• _What the exercise asks_: Copy out the listing that follows, exact in every word, and skip the images.

• _Data in this exercise_:

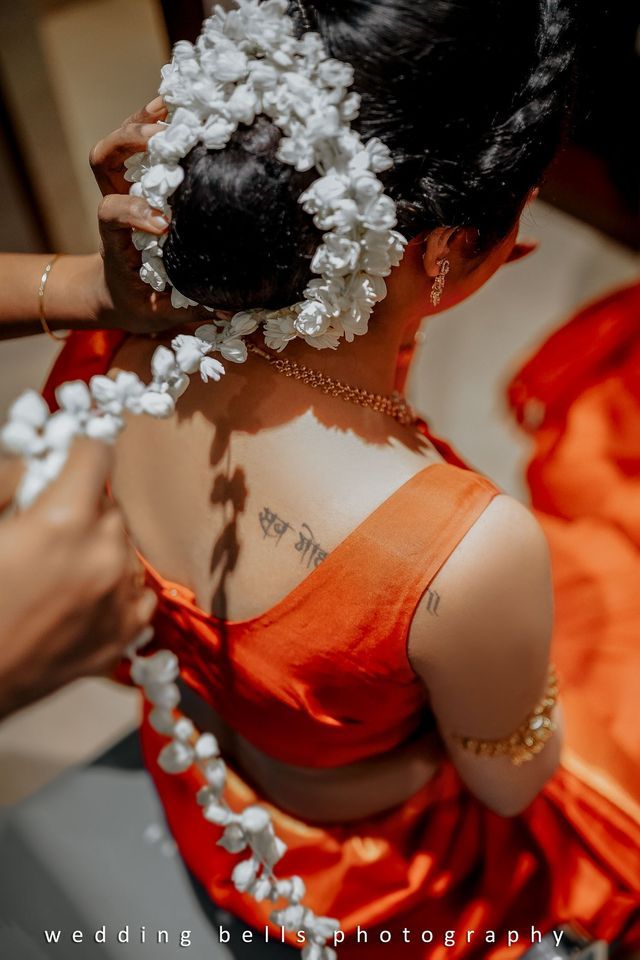 South indian bridal hairstyle | Latest bridal blouse designs, South indian  bride saree, Indian bridal hairstyles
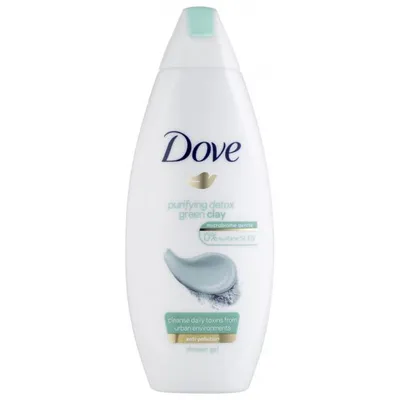 Dove Duschgel 500ml Purif Detox Gr Clay 0%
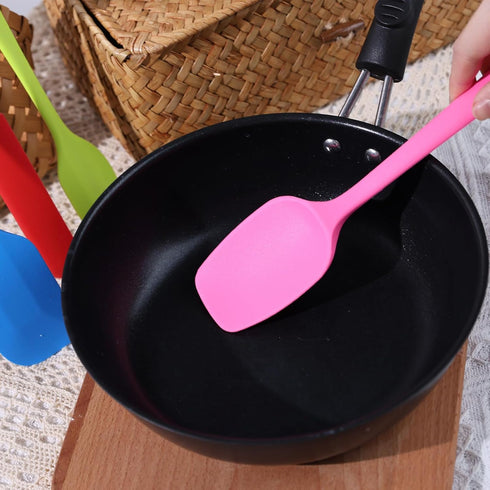 LOVEINUSA Silicone Spatula 4PCS Set, Rubber Spatula Heat Resistant for Baking and Mixing, Non-stick Rubber Spatulas with Stainless Steel Core...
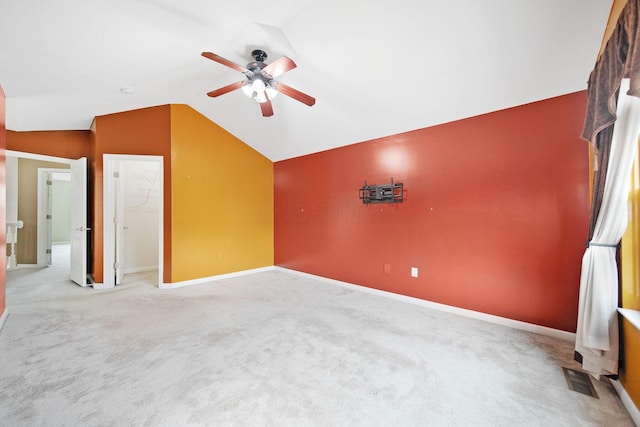 786 Spring Valley Dr, Lewis Center, OH 43035 - carpeted spare room with a ceiling fan and lofted ceiling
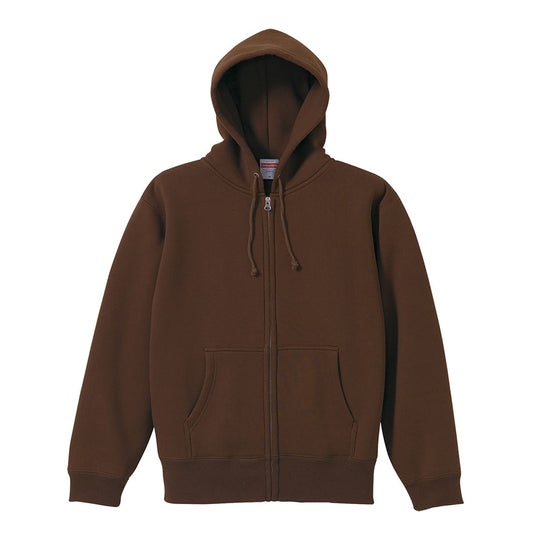 10.0オンス CVC スウェット フルジップ パーカ | ビッグサイズ | 1枚 | 5620-01 | ダークブラウン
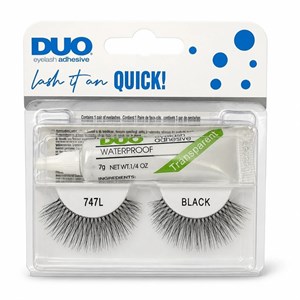 مژه مصنوعی747L چسب مژه بیرنگ برندDUO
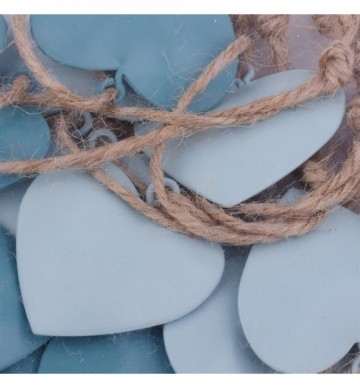 Hart metall 4x4cm blauw2 1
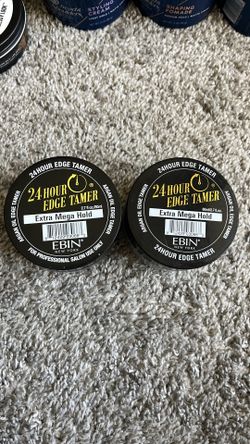 2 EBIN NEW YORK 24 Hour Edge Tamer, Extra Mega Hold Cruelty Free (2.7oz/ 80ml)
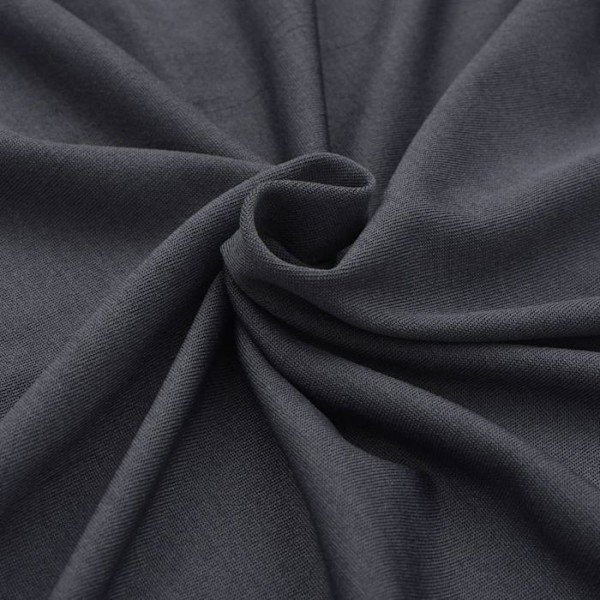 Kaksi osaa venyviä pöytäpeitteitä 120 x 60,5 x 74 Anthracite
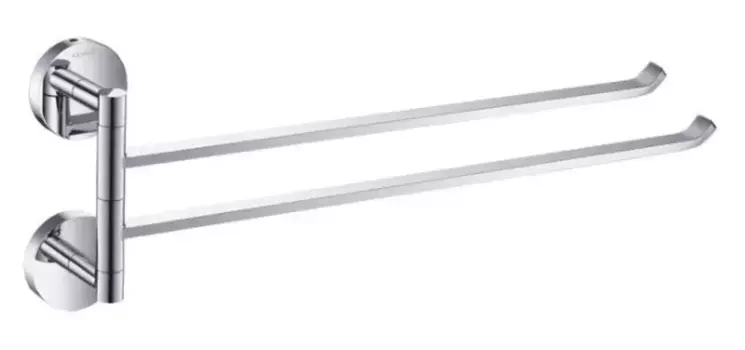 Полотенцедержатель двойной поворотный «Акватек» Бетта AQ4613CR на стену хром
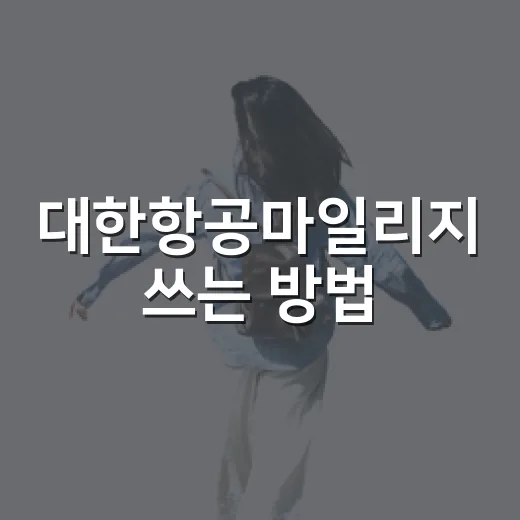 대한항공마일리지 쓰는 방법, 만료 전에 알뜰하게 쓰려면 이렇게 - 요약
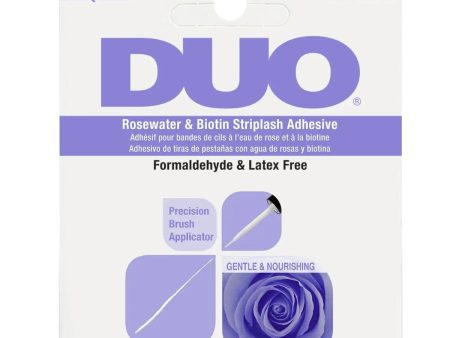 Duo Rosewater & Biotin Striplash Adhesive klej do rzęs Clear 5g Online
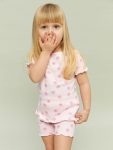 Bicycle Neck Girl Baby Romper Set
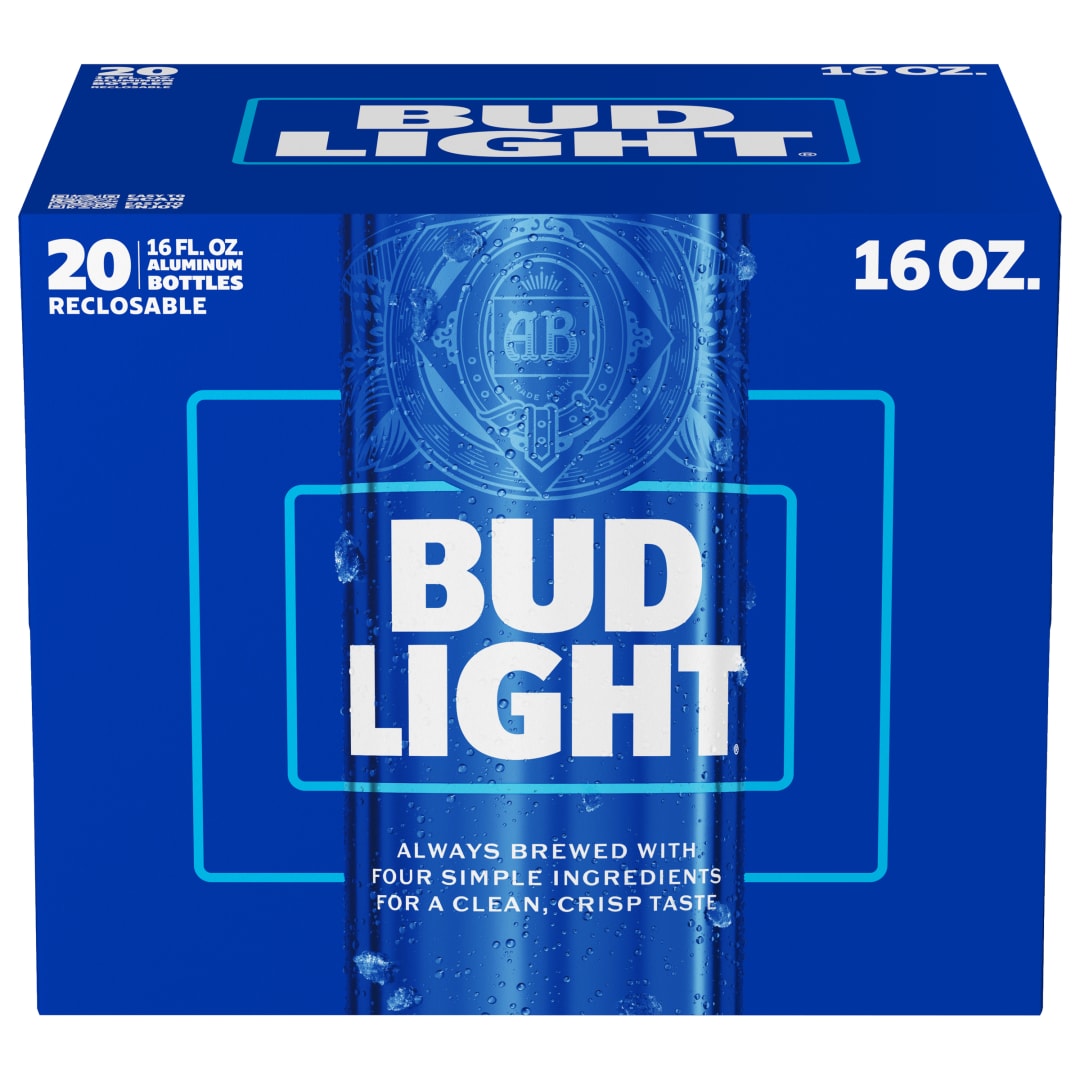 Bud Light Beer 20 - 16 fl oz Bottles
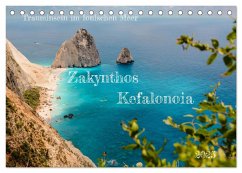Zakynthos und Kefalonia Trauminseln im Ionischen Meer (Tischkalender 2025 DIN A5 quer), CALVENDO Monatskalender
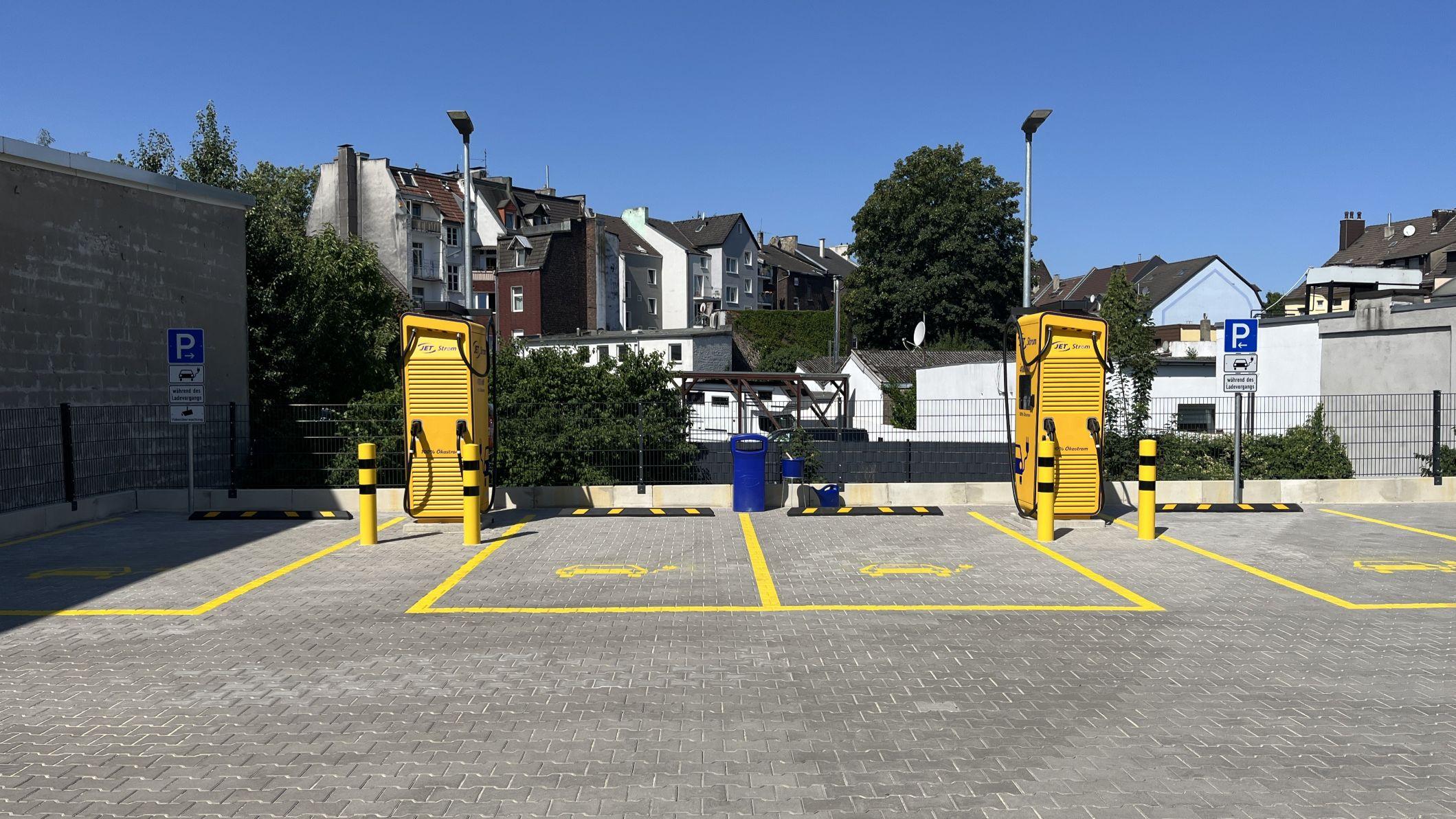 JET Ladestation, Klönnestraße in Dortmund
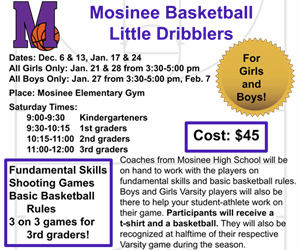 Presentational 2025-2026 Little Dribblers visual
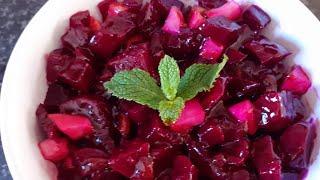 Healthy Beetroot Recipe.  How To Make Beetroot Salad. South African Food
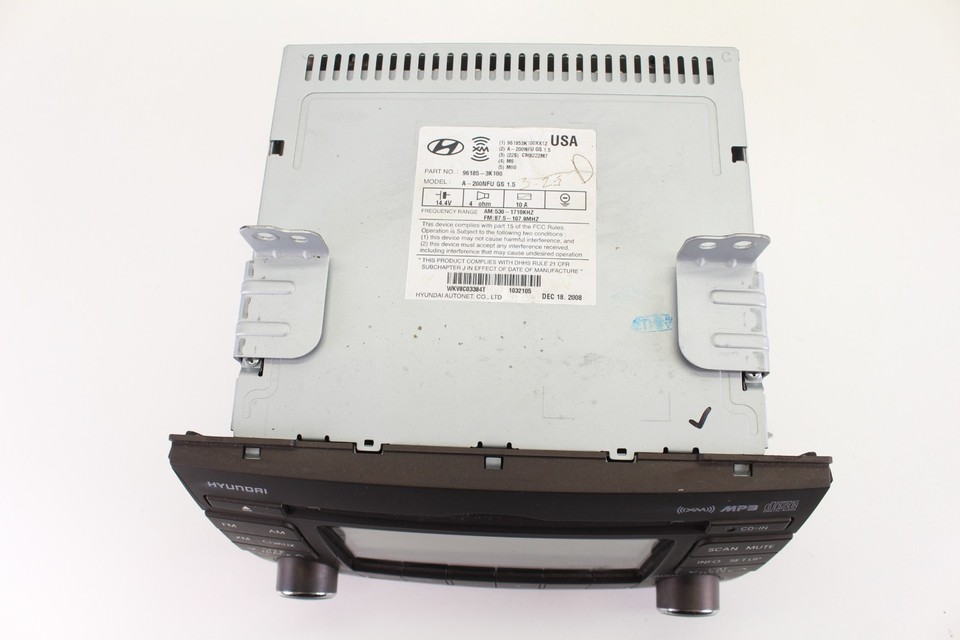2009-2010 HYUNDAI SONATA AM FM CD XM RADIO RECEIVER DISPLAY OEM, 96185 ...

• _Result_:
 South indian bridal hairstyle | Latest bridal blouse designs, South indian  bride saree, Indian bridal hairstyles
 Dove Duschgel 500ml Purif Detox Gr Clay 0%
 LOVEINUSA Silicone Spatula 4PCS Set, Rubber Spatula Heat Resistant for Baking and Mixing, Non-stick Rubber Spatulas with Stainless Steel Core...
 786 Spring Valley Dr, Lewis Center, OH 43035 - carpeted spare room with a ceiling fan and lofted ceiling
 10.0オンス CVC スウェット フルジップ パーカ | ビッグサイズ | 1枚 | 5620-01 | ダークブラウン
 مژه مصنوعی747L چسب مژه بیرنگ برندDUO
 Hart metall 4x4cm blauw2 1
 2 EBIN NEW YORK 24 Hour Edge Tamer, Extra Mega Hold Cruelty Free (2.7oz/ 80ml)
 Kaksi osaa venyviä pöytäpeitteitä 120 x 60,5 x 74 Anthracite
 Полотенцедержатель двойной поворотный «Акватек» Бетта AQ4613CR на стену хром
 대한항공마일리지 쓰는 방법, 만료 전에 알뜰하게 쓰려면 이렇게 - 요약
 Duo Rosewater & Biotin Striplash Adhesive klej do rzęs Clear 5g Online
 Bicycle Neck Girl Baby Romper Set
 Bud Light Beer 20 - 16 fl oz Bottles
Zakynthos und Kefalonia Trauminseln im Ionischen Meer (Tischkalender 2025 DIN A5 quer), CALVENDO Monatskalender
 JET Ladestation, Klönnestraße in Dortmund
 Presentational 2025-2026 Little Dribblers visual
 Healthy Beetroot Recipe.  How To Make Beetroot Salad. South African Food
2009-2010 HYUNDAI SONATA AM FM CD XM RADIO RECEIVER DISPLAY OEM, 96185 ...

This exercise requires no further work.